Kherson region, Ukraine
CNN
—
Day after day, in town after town, a police officer and prosecutor go door to door in Ukraine’s Kherson region.
Treading muddy streets, past homes damaged by artillery strikes, they look for those left behind. The two men form a specialist unit that’s traveled from the capital, Kyiv.
A mother and daughter come out to their yard. “We are looking for sexual crimes,” the prosecutor, Oleksandr Kleshchenko, says.
Until early October, this area of the country was occupied by Russian troops. Burnt-out cars litter the fields. The letter ‘Z’ – a symbol used by Russian forces – marks the walls.

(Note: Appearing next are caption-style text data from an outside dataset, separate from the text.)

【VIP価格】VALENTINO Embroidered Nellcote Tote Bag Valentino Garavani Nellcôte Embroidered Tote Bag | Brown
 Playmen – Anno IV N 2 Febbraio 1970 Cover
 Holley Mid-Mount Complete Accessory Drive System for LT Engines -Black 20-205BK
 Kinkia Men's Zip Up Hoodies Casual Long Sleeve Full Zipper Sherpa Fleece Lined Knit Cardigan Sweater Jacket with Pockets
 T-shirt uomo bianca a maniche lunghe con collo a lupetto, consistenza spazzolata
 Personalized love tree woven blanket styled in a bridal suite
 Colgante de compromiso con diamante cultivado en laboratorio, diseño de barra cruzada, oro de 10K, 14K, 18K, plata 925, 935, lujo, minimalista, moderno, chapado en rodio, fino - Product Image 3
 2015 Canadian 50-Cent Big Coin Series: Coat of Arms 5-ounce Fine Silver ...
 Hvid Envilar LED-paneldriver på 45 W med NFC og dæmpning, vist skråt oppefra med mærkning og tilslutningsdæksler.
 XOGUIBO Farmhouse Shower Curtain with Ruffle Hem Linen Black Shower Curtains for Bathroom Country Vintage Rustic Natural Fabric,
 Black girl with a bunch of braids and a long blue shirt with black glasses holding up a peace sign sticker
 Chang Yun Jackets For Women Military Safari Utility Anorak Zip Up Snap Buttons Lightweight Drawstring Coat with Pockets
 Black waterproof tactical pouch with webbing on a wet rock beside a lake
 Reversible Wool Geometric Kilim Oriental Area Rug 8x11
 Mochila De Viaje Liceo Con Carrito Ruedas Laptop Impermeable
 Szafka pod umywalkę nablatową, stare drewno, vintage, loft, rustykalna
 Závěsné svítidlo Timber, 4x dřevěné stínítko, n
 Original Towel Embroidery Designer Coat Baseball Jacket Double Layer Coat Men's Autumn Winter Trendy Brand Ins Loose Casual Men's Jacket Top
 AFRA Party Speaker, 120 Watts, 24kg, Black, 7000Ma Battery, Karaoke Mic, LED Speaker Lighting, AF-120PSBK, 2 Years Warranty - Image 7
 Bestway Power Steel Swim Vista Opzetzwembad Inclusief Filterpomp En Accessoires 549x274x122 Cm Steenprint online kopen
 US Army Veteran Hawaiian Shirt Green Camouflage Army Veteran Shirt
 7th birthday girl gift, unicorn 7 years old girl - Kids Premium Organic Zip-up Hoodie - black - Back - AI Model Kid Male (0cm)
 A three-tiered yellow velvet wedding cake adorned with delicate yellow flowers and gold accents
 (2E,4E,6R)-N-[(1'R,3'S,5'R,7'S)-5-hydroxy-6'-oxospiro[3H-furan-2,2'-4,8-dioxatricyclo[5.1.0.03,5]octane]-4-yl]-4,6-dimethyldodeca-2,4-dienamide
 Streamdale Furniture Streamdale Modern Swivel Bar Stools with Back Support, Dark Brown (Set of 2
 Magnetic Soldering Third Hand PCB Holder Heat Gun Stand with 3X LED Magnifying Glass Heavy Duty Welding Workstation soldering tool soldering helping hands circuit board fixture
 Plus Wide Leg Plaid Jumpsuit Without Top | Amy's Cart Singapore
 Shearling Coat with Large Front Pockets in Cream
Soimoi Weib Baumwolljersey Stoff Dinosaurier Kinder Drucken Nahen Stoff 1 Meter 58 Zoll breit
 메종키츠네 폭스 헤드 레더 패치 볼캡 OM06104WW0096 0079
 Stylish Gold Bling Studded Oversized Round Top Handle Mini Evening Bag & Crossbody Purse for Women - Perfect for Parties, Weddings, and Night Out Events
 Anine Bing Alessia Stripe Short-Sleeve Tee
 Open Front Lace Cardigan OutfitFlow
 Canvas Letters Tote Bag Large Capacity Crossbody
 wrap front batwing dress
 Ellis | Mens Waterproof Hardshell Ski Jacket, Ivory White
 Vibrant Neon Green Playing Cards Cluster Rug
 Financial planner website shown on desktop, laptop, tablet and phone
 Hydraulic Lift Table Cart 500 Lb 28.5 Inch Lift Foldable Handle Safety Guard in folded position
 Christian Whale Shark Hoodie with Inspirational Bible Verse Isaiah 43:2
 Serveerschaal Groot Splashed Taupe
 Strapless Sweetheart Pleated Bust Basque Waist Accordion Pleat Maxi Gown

The scars of war run deep here. Russia has used sexual violence as a “weapon of war” – a deliberate “military strategy” – in its conquest of Ukraine, United Nations investigators have said. They have even relayed allegations of Russian soldiers carrying Viagra.
Russian authorities have denied accusations of war crimes in Ukraine.
In two weeks of work in the Kherson region, the team from Kyiv has documented six allegations of sexual assault. The real number is almost certainly much higher, they say.
Tatiana, age 56, says she is one of the victims. CNN is withholding her last name and that of her village to protect her identity.
Walking over broken glass, she shows us into her brother’s house, where she says two Russian soldiers forced their way through her door on August 26.
“They walked around those rooms,” she says. “One stayed there, and the other one, who raped me, came in here. He came in, walked a little bit around the room and here in this place, he started groping me.”
“I told him, ‘No, no, I am not of the age that I can give you something, look for younger girls.’”
He pinned her against the wardrobe, she says, and tore at her clothes. “I was crying, begging him to stop, but with no success,” she says. “The only thought I had was to stay alive.”
He warned her not to tell anyone, she recalls. “I didn’t tell my husband right away,” she says, in tears. “But I told my cousin, and my husband overheard. He said, ‘You should have told me the truth, but you kept silent.’”
“I was very ashamed,” she says. “I wish that he and all his kin were dead.”
She spent three days at home, in a daze, too ashamed to step outside. Then, in an extraordinary act of bravery, she says she confronted the Russian soldier’s commander.
“His commander found the head of his unit. He came to see me and told me, ‘I punished him severely, I broke his jaw, but the most severe punishment is ahead.’ Like shooting. The commander asked me, ‘Do you mind this?’ I said, ‘I don’t mind, I wish all of them will be shot.’”
Although the prosecutor, Kleshchenko, and police officer Oleksandr Svidro are looking specifically for evidence of sexual crimes, everywhere they go they are confronted with the horrors of occupation.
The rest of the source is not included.